** TASK INSTRUCTIONS **
Leaving out pictures, output exactly the lines below from the one that has "Maison Margiela Black" through the one that has "Vtg. Lionel Pin", and nothing else.

** PROVIDED DATA **
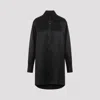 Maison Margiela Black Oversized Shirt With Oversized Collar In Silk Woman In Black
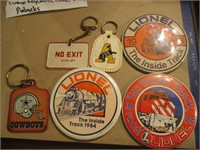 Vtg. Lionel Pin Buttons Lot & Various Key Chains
...
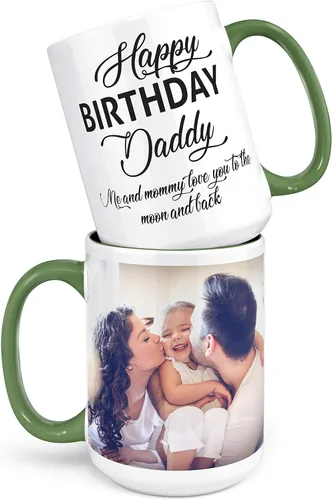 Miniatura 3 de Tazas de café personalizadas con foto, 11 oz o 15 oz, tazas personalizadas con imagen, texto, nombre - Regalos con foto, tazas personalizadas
...
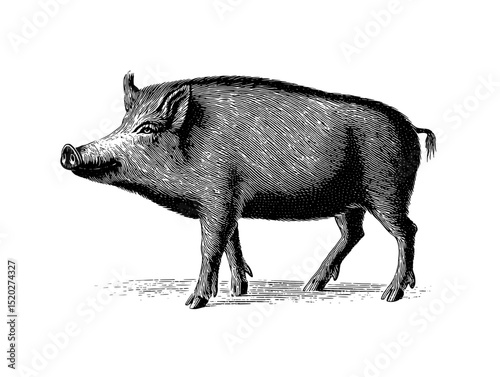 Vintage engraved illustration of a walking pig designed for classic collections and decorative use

** TASK SOLUTION **
 Maison Margiela Black Oversized Shirt With Oversized Collar In Silk Woman In Black
 Vtg. Lionel Pin Buttons Lot & Various Key Chains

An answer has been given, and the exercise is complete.